---- Source information

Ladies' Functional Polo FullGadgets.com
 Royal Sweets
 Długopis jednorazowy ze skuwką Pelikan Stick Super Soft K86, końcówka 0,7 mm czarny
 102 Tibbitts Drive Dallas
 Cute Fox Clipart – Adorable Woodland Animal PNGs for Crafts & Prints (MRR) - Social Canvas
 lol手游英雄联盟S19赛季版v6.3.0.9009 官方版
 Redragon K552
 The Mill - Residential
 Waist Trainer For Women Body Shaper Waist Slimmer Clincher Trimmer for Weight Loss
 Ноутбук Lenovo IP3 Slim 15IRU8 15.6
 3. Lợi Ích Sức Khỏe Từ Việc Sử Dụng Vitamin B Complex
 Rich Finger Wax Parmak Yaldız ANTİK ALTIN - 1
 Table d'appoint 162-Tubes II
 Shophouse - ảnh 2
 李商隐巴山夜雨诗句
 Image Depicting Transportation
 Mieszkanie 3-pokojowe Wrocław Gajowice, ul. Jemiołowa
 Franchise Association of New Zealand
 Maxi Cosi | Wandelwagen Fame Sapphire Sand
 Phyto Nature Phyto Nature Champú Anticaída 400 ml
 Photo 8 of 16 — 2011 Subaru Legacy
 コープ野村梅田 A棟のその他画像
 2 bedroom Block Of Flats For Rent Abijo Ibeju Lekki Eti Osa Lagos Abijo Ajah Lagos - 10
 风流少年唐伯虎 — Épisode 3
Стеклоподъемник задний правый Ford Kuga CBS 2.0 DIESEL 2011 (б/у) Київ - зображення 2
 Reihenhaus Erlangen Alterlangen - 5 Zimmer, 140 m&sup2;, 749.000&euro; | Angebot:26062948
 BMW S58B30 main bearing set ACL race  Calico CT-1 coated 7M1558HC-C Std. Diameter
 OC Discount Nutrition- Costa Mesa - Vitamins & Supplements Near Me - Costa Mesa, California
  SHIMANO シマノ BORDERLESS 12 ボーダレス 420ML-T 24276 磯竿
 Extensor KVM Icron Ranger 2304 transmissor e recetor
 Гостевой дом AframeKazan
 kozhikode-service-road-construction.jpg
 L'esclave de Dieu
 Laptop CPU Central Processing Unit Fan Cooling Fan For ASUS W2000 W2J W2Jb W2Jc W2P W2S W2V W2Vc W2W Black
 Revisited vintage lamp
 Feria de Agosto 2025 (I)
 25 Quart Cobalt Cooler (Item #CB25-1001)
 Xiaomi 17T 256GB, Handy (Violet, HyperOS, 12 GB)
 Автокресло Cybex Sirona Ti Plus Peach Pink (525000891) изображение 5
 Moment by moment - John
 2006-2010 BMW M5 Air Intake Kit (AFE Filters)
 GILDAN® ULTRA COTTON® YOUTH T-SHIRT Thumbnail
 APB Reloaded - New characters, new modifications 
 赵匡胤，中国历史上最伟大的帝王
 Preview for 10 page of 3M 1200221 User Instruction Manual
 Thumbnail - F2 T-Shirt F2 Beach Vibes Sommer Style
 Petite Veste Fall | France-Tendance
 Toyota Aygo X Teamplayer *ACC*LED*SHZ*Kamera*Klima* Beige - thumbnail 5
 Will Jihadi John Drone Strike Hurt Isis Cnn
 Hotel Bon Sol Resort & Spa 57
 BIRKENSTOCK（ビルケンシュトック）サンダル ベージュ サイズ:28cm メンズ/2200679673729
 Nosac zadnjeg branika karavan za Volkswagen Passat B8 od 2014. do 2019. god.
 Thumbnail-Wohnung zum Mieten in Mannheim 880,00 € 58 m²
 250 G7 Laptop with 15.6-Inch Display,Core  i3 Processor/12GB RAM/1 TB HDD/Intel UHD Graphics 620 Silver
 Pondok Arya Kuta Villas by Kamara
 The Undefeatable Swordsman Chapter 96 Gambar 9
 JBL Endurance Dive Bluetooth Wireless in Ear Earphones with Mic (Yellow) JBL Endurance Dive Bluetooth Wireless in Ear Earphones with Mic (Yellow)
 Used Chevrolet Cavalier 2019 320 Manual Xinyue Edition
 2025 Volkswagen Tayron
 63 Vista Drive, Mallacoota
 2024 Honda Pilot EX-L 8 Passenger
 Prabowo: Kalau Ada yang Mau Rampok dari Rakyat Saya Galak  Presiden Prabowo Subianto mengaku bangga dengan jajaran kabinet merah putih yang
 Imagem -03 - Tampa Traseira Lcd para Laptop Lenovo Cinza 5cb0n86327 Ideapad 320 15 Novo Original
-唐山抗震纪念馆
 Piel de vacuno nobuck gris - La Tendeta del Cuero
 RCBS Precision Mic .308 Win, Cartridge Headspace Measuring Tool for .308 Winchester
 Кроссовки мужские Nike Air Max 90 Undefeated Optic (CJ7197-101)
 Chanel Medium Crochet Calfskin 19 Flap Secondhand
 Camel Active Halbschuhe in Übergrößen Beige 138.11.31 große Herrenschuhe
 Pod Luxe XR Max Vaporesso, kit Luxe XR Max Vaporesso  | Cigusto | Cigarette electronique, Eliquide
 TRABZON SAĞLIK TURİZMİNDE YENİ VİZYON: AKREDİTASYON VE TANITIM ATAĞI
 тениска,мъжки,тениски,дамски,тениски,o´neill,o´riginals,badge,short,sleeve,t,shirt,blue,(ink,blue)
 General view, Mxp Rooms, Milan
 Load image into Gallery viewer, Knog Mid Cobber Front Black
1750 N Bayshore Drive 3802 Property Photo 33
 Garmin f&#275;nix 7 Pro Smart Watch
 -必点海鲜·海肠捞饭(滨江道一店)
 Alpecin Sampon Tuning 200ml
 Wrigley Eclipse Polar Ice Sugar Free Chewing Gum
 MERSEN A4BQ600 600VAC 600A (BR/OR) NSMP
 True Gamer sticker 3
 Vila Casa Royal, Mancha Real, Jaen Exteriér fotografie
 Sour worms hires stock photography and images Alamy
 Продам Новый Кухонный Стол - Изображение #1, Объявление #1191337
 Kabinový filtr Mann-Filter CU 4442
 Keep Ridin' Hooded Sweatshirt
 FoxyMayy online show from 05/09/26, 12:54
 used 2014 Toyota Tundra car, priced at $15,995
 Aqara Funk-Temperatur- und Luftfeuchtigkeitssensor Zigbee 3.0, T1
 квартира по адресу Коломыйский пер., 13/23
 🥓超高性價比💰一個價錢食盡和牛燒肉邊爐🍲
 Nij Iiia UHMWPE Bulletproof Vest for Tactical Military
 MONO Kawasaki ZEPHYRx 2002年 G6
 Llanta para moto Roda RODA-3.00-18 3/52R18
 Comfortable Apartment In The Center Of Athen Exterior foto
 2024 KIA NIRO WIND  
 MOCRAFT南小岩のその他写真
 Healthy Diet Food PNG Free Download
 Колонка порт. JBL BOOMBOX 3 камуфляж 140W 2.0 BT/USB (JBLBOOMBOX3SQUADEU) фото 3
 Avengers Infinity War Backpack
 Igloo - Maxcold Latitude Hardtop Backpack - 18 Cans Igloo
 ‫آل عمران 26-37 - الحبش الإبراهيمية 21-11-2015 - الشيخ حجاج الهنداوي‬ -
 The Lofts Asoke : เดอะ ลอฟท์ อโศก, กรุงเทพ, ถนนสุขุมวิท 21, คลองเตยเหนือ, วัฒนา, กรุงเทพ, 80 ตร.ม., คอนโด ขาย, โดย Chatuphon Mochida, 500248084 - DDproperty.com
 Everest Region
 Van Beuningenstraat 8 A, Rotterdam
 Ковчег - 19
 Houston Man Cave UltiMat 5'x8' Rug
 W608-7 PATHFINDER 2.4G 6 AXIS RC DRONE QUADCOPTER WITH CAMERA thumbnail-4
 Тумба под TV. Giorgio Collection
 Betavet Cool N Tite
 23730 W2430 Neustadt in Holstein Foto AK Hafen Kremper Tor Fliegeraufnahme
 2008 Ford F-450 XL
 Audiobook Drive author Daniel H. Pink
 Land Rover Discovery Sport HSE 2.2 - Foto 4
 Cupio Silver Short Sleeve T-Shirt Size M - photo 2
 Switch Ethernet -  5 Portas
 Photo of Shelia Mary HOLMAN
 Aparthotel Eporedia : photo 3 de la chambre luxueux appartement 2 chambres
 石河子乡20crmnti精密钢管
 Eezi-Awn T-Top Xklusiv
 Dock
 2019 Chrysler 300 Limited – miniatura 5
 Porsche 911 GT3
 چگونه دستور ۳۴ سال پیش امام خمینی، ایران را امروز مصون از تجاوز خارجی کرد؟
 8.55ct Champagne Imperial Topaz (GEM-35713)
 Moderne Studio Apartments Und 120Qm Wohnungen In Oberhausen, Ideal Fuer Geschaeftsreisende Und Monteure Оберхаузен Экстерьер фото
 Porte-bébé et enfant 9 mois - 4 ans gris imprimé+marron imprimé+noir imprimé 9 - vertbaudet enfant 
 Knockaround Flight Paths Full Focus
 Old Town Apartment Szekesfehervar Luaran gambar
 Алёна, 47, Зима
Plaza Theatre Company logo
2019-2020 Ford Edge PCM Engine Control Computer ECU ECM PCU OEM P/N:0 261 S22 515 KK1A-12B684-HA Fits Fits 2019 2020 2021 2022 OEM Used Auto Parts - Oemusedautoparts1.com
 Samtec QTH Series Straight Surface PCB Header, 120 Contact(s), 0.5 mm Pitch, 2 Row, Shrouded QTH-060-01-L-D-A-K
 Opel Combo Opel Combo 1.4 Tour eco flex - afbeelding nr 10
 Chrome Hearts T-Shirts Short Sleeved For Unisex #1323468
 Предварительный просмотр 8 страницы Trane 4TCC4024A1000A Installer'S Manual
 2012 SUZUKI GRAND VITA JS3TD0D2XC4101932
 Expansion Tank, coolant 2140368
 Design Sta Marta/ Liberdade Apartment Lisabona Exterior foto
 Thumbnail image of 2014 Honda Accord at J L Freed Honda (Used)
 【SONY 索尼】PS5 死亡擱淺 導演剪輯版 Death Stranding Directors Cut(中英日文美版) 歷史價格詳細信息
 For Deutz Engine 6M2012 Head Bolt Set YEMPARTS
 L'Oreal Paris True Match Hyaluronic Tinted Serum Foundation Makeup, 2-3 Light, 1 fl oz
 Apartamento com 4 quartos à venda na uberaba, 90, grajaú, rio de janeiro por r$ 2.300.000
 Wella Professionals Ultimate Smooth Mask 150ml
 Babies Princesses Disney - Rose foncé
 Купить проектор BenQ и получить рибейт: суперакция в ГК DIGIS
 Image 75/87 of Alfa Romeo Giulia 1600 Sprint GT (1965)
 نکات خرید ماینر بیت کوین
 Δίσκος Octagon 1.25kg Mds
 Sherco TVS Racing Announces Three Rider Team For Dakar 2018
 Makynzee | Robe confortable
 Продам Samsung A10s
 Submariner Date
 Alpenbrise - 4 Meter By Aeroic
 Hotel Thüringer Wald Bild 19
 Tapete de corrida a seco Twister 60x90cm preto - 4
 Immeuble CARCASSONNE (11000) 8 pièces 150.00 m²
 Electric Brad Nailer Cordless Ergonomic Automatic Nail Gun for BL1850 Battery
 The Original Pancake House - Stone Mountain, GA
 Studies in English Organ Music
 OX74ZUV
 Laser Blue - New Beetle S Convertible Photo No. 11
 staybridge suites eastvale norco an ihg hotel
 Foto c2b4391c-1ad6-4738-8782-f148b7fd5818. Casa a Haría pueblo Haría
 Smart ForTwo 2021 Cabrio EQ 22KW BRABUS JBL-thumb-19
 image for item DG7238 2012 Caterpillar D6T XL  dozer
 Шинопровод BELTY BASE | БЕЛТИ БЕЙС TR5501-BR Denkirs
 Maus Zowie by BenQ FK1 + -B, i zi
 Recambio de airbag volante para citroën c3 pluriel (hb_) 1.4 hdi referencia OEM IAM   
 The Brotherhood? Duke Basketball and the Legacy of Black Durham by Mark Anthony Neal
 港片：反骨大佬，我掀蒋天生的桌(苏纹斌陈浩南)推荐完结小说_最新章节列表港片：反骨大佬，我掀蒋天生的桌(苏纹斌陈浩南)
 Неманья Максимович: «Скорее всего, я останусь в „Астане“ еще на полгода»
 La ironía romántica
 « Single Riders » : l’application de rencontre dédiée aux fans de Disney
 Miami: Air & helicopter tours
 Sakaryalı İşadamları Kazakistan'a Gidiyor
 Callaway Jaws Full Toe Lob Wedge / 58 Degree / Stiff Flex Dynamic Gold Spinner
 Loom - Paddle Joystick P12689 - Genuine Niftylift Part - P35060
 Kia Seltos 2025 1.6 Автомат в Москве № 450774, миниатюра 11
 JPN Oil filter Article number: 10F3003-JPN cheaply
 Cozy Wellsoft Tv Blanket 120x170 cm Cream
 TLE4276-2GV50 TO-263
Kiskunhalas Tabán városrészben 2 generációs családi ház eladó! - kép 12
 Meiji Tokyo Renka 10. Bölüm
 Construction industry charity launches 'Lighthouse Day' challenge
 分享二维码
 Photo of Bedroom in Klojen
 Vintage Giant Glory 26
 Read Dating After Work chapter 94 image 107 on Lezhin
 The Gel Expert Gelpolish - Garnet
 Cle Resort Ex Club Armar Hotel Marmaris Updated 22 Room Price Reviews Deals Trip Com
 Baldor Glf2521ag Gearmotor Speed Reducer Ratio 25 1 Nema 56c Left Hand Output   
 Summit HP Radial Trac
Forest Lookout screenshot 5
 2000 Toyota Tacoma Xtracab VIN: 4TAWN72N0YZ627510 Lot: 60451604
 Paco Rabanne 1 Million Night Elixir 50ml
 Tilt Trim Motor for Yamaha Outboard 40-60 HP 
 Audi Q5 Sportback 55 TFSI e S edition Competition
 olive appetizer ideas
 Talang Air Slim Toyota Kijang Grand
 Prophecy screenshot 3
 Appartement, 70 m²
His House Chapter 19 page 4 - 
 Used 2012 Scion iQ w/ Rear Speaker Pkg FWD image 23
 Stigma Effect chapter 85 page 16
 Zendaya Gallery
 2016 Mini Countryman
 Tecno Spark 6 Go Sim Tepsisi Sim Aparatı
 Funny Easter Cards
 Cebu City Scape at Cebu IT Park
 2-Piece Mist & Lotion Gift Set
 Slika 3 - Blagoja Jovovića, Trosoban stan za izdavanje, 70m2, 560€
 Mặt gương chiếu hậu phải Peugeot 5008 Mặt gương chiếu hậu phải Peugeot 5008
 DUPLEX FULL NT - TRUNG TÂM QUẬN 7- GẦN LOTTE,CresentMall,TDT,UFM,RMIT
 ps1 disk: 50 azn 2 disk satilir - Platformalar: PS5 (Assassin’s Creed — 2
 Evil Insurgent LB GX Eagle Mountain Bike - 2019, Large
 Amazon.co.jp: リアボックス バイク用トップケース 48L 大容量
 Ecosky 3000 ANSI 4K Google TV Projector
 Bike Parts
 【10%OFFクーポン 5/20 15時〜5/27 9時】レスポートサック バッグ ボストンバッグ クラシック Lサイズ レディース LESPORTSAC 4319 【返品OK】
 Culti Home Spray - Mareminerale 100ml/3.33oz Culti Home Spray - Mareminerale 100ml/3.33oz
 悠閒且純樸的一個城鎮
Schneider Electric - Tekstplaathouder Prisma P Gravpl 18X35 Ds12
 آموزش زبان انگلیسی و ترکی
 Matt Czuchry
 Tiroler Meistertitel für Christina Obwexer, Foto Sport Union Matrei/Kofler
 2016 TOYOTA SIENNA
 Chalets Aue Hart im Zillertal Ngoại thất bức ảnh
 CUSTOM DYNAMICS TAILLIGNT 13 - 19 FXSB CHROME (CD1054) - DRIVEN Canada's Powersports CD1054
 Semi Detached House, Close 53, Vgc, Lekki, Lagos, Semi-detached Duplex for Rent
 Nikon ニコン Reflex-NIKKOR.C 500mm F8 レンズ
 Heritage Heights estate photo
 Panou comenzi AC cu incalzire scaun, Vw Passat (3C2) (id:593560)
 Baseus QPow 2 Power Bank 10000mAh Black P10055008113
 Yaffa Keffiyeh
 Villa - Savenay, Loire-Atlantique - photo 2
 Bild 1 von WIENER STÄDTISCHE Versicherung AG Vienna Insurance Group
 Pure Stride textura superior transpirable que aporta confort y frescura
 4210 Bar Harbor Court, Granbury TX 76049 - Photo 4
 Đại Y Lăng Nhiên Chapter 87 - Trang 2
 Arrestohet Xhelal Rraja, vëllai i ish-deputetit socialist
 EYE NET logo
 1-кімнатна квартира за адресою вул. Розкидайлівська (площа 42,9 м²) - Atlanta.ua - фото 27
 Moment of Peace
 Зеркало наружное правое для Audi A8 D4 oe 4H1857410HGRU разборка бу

--------

**Work instruction**. Using the data above, print exactly the lines from the line that contains "RCBS Precision Mic" through the line that contains "Chanel Medium Crochet", with both included.

**Task solution**.
 RCBS Precision Mic .308 Win, Cartridge Headspace Measuring Tool for .308 Winchester
 Кроссовки мужские Nike Air Max 90 Undefeated Optic (CJ7197-101)
 Chanel Medium Crochet Calfskin 19 Flap Secondhand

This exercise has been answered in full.